The legislation mandated that the new agency “assume direction of all forest interests and all matters pertaining to forestry within the jurisdiction of the state.”
This was an important step in sustainably managing Texas natural resources, and one of the key proponents was W. Goodrich Jones (1860-1950).
“If you look around the country at that time, the timber-cutting programs didn’t include replanting. All that started with Goodrich Jones. He was ahead of his time, and we benefited from that.”
Born in New York to a prominent family with business interests in Galveston and abroad, Jones came to Texas as an energetic Princeton graduate in 1883. With business degree in hand, Jones served internships at Galveston and Houston banks. In 1888, Jones moved to the prairie town of Temple to serve as president of the new Temple National Bank, and he took an immediate interest in planting trees.
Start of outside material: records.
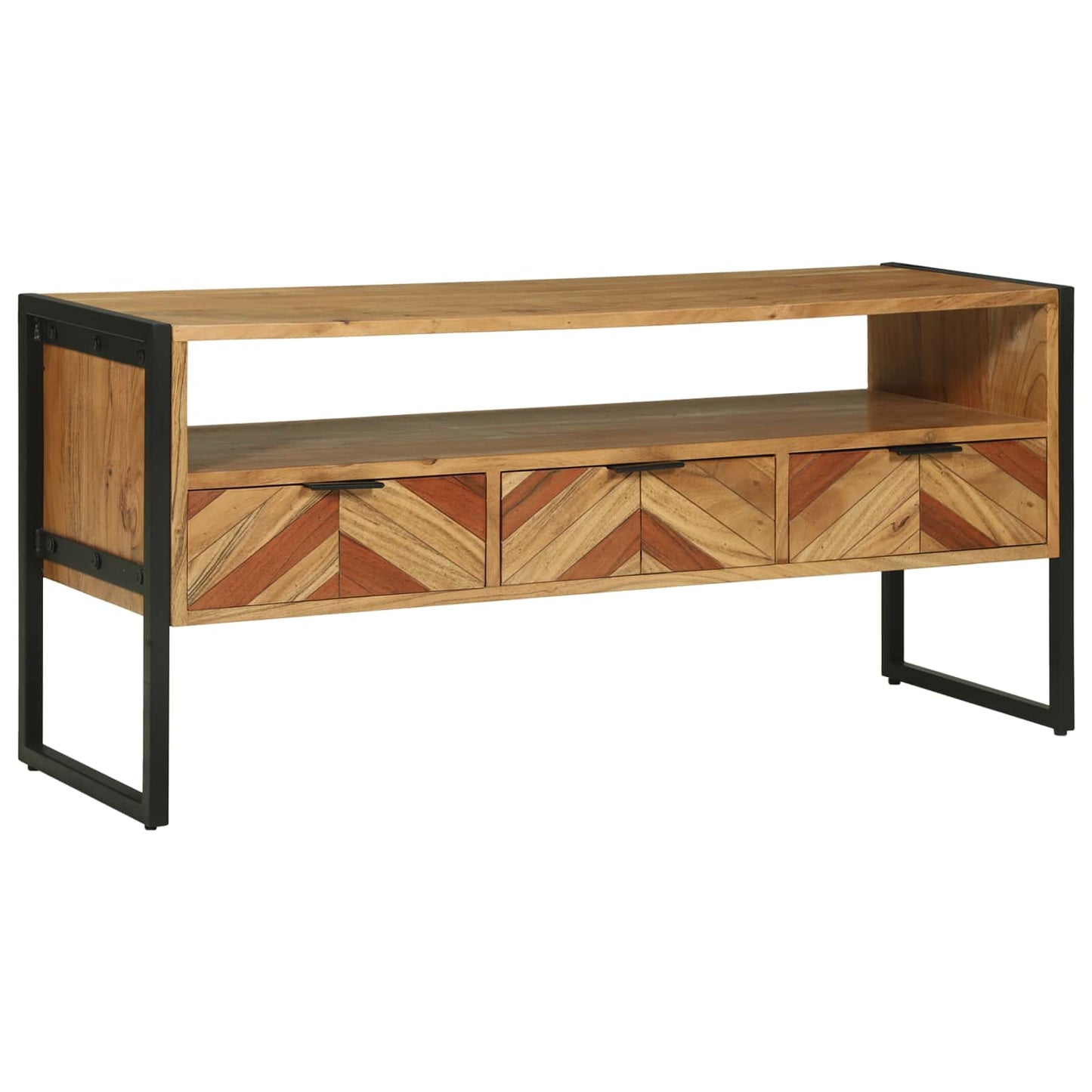 vidaXL TV Cabinet with Drawer Brown 100 x 35 x 50 cm Solid Acacia Wood
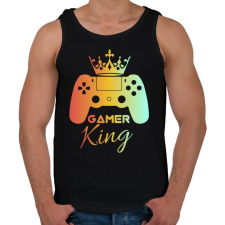PRINTFASHION Gamer king - Férfi atléta - Fekete atléta, trikó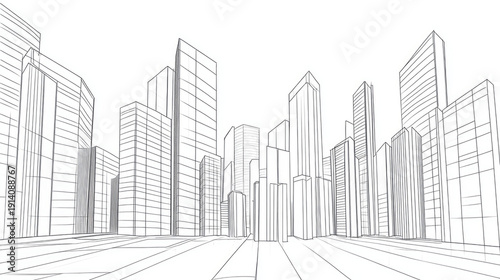 Modern cityscape sketch, highlighting skyscrapers in a minimalist style. The drawing depicts urban architecture with attention to detail and perspective. AI Generative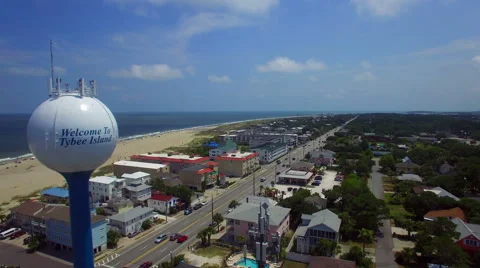 Tybee island water tower Stock Footage 64592809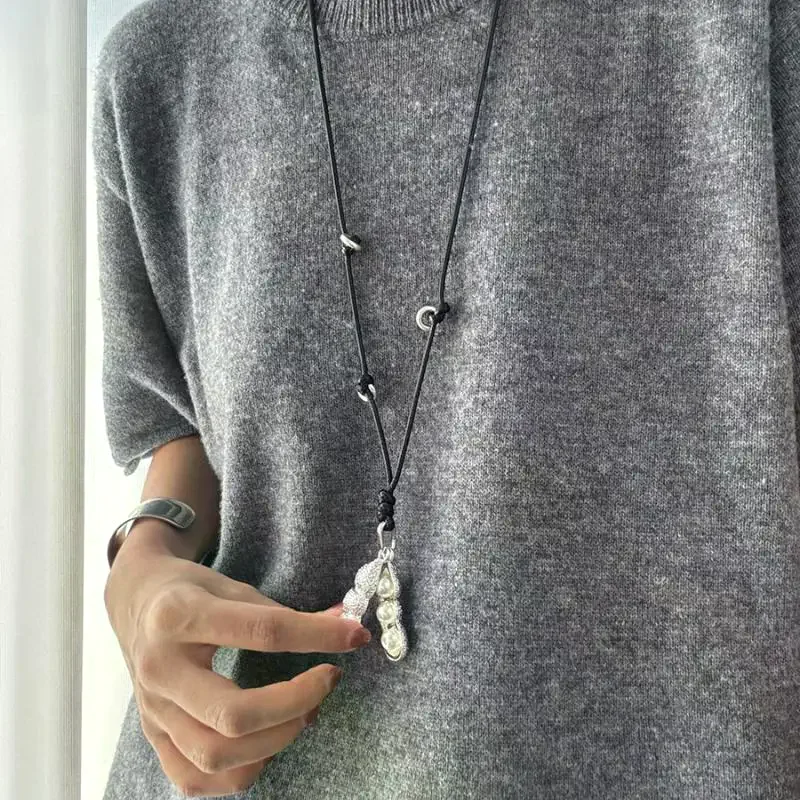 Fashion Exquisite Bean Pod Pearl Pendant Necklace Simple Versatile Long Sweater Chain Pendant Necklace Jewelry Accessories Gifts
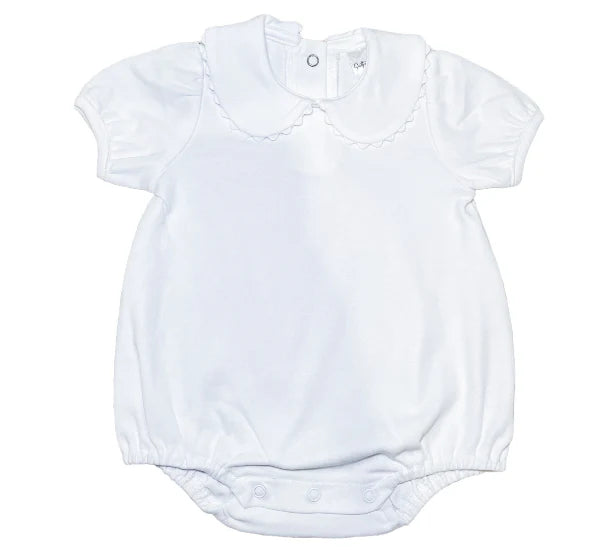 Embroidered Scalloped Collar Bubble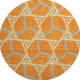 8' Orange Ivory And Blue Geometric Washable Round Rug With UV Protection
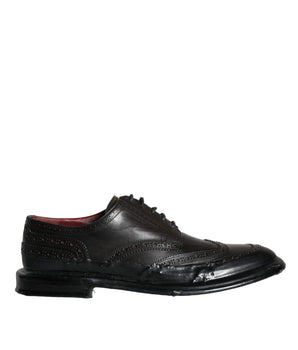 Dolce & Gabbana Black Leather Oxford Wingtip Formal Men Shoes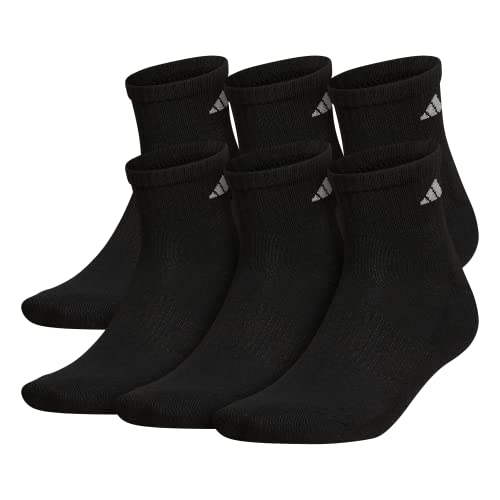 adidas Men's Athletic Cushioned Quarter Socks (with Arch Compression for a Secure fit (6-Pair), Black/Aluminum 2, Large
In 1898, the chief of the United States Bureau of Forestry, B.E. Fernow, asked Jones to survey the forests of Texas and write a report on what he found. “I went by train, carriage, and horseback,” wrote Jones. “It was a scene of terrible waste of virgin timber by the lumber mills. To cut down and drag out one tree, 100 younger trees were knocked down and killed.” He concluded that the state was “killing the goose that laid the golden egg.”
As a child, Jones had taken a walking tour of the fabled Black Forest in Germany, which illustrated how the German system of continuous planting, cultivating, and cutting could manage and conserve the forest. Jones’ suggestions for correcting the situation in Texas drew heavily from what he had observed in Germany.
In 1908, Jones attended the White House Conference on Conservation with President Theodore Roosevelt and Gifford Pinchot, chief of the United States Forest Service. Inspired, Jones determined to establish an organization that would lobby to manage and conserve Texas forests. Seven years later, the Texas Forestry Association became a reality, and Jones served as the organization’s first president.
Ron Hufford, current executive vice-president of the Texas Forestry Association, says that the state’s management and conservation of its forests began with Jones.
“Goodrich Jones was the first to not only recognize what was happening to the state’s trees, but he also lobbied hard to get the legislature to establish a Forest Service,” Hufford said. “If you look around the country at that time, the timber-cutting programs didn’t include replanting. All that started with Goodrich Jones. He was ahead of his time, and we benefited from that.”
The 1915 legislation that created the Texas Forest Service also authorized a system of state forests. State Forest Number Two, in Montgomery County south of Conroe, was renamed the W. Goodrich Jones State Forest in 1944. Jones continued to lobby on behalf of the state’s forests and other conservation issues until his death in 1950.